Barış Soydan
En Alttakilerin Ak Parti’ye, En Üsttekilerin CHP’ye Oy Vermesinde Bir Tuhaflık Yok mu?
Türkiye İstatistik Kurumu’nun (TÜİK) geçtiğimiz günlerde yayınladığı “Sosyoekonomik Seviye 2023” araştırmasını, “Artık bu veride de manipülasyon yoktur herhalde -inşallah-” düşüncesiyle…

Türkiye İstatistik Kurumu’nun (TÜİK) geçtiğimiz günlerde yayınladığı “Sosyoekonomik Seviye 2023” araştırmasını, “Artık bu veride de manipülasyon yoktur herhalde -inşallah-” düşüncesiyle ciddiyetle inceledim. TÜİK’e göre sosyoekonomik açıdan Türkiye’nin en dibindeki ve en üstündeki ilçeler şöyle:
Araştırmanın yayınlandığı gün YouTube yayınımda bu ilçelere değinmiştim. Bir izleyicim (@poyluekmek6520) bu ilçelerin son seçimlerde hangi partiyi seçtiğini çıkarmış:
EN ALTTAKİLER
Çamoluk %49 Ak Parti
Derebucak %46 Ak Parti
Doğanşar %58 Ak Parti
Felahiye %53 CHP (2023’te %65 Recep Tayyip Erdoğan)
Dikmen %56 Ak Parti
Pınarbaşı %34 Ak Parti
Bayramören %59 Ak Parti
EN ÜSTTEKİLER
Güzelbahçe %49 CHP
Bakırköy %68 CHP
Nilüfer %60 CHP
Etimesgut %57 CHP
Beşiktaş %64 CHP
Kadıköy %69 CHP
Çankaya %65 CHP
Bu durumun öteden beri bilindiğini söylemek mümkün.

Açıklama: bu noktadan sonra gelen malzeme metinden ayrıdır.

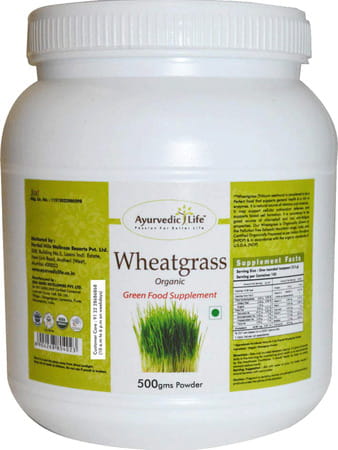 Ayurvedic Life Wheatgrass 500gms Powder (Pack Of 5)
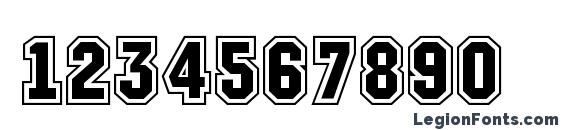 a MachinaOrtoGr Font, Number Fonts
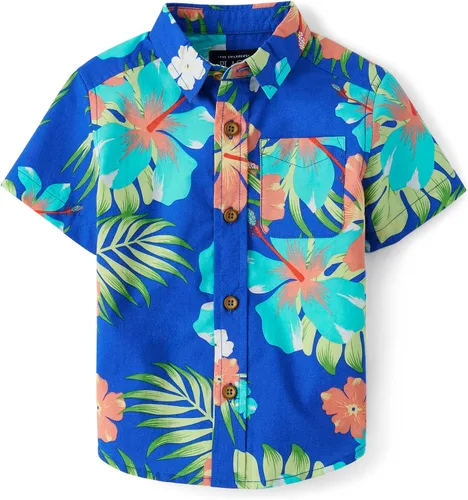 Vista 20 de The Children's Place Baby Boys' and Toddler Poplin Short Sleeve Button Down Shirt (Applemint)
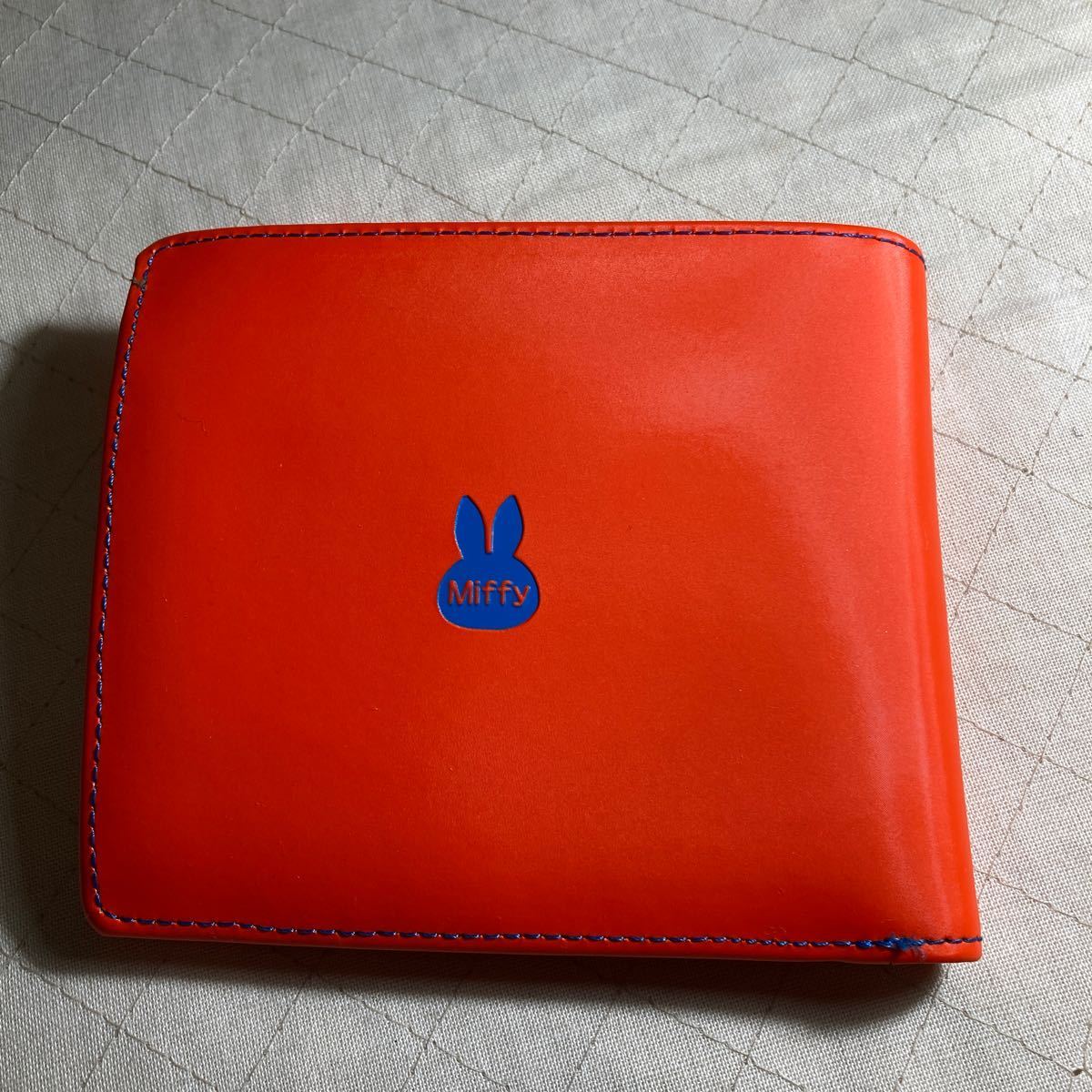 Paypayフリマ ミッフィー 二つ折り財布 イラストフェイス ワレット オレンジ Paypayフリマ ミッフィー 二つ折り財布 イラストフェイス ワレット オレンジ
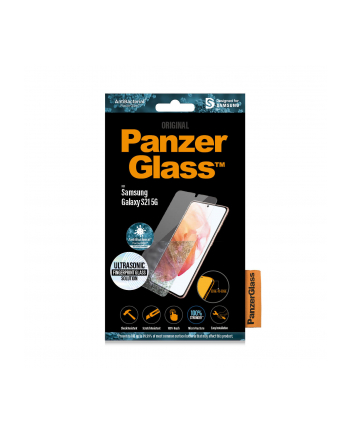 PANZERGLASS SZKŁO HARTOWANE SAMSUNG GALAXY S21 5G ANTYBAKTERYJNE DO ETUI 7269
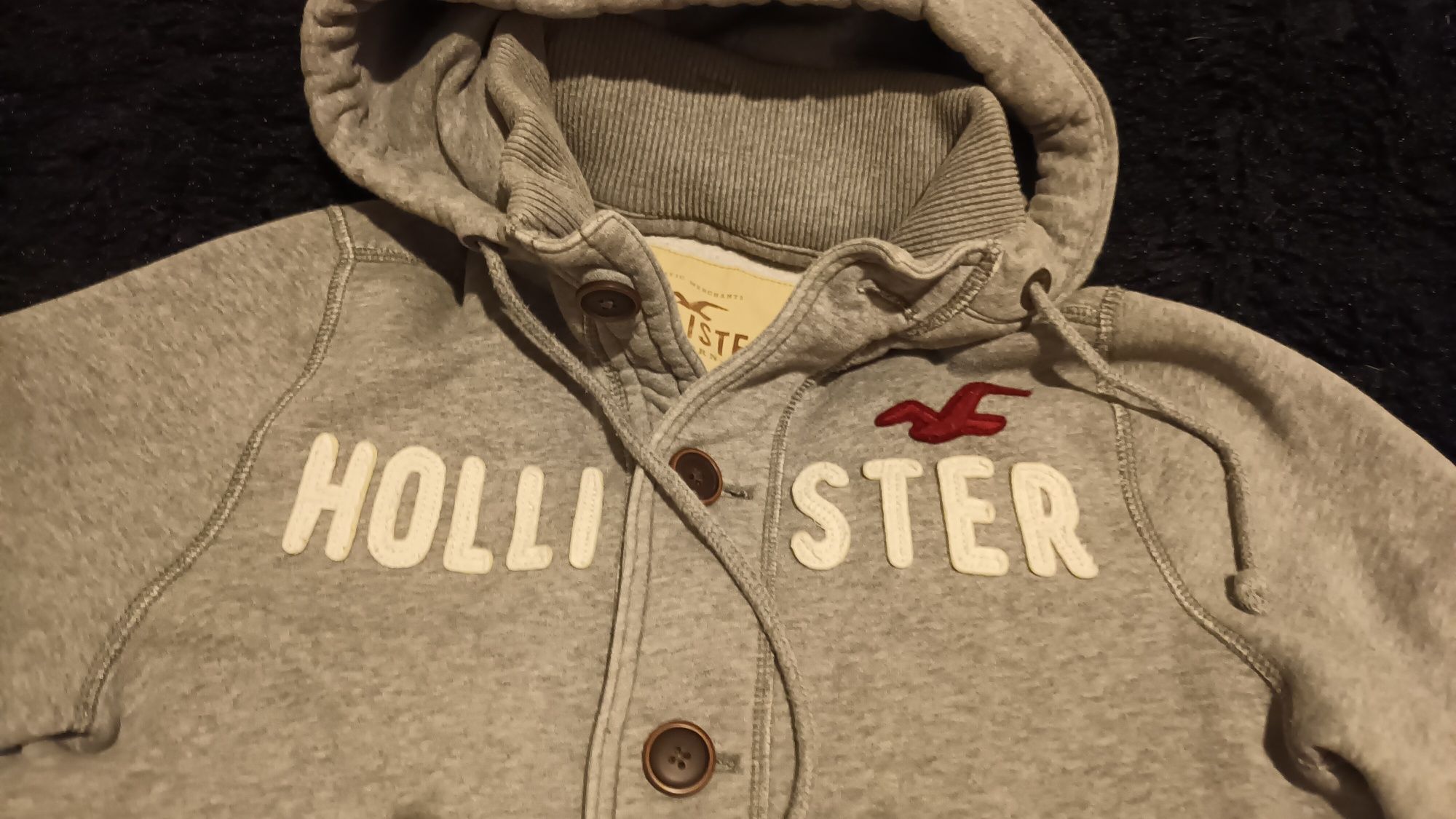 Bluza z kapturem Hollister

En alttaki ilçeler özelinde değil ama büyük kentlerin yoksul ilçelerinde Ak Parti’nin, daha zengin ilçelerinde CHP’nin açık ara birinci olduğu bir sır değil (Mesela 2023 seçiminde İstanbul Bağcılar’da Ak Parti %44.5, CHP %16.6, Kadıköy’de CHP % 58.4, Ak Parti %13.2 oy almıştı).
Sadece CHP değil, daha soldaki partilerin birçoğunun aynı dertten muzdarip olduğu da biliniyor. Mesela 2023 seçimleri öncesinde Türkiye İşçi Partisi (TİP) imzasını taşıyan en büyük yazıyı metrekaresi en pahalı semtlerden biri olan Suadiye’de (Marmaray istasyonunda) görmüştüm, gerçekten dev gibiydi; o sene çeşitli toplantılar için gittiğim organize sanayi bölgelerinde ise TİP’le ilgili dikkat çekici bir şey gördüğümü hatırlamıyorum.
Bu tablonun sebeplerine dair görüşler muhtelif. Kimileri İdris Küçükömer’in “Türkiye’de sol sağ, sağ soldur” tezini hatırlatıp sorunun bundan kaynaklandığını söyleyip durur. Küçükömer’in bu tezini anlattığı “Düzenin Yabancılaşması” adlı kitabını okudunuz mu, bilmiyorum. Açıkçası tezini olgulara dayandırmadığı, basmakalıp bazı fikirleri sorgusuz sualsiz veri kabul ettiği için bende hayal kırıklığı yaratmıştı. Hayır, Türkiye’de sağın aslında sol olduğu tezi bana mantıklı gelmiyor.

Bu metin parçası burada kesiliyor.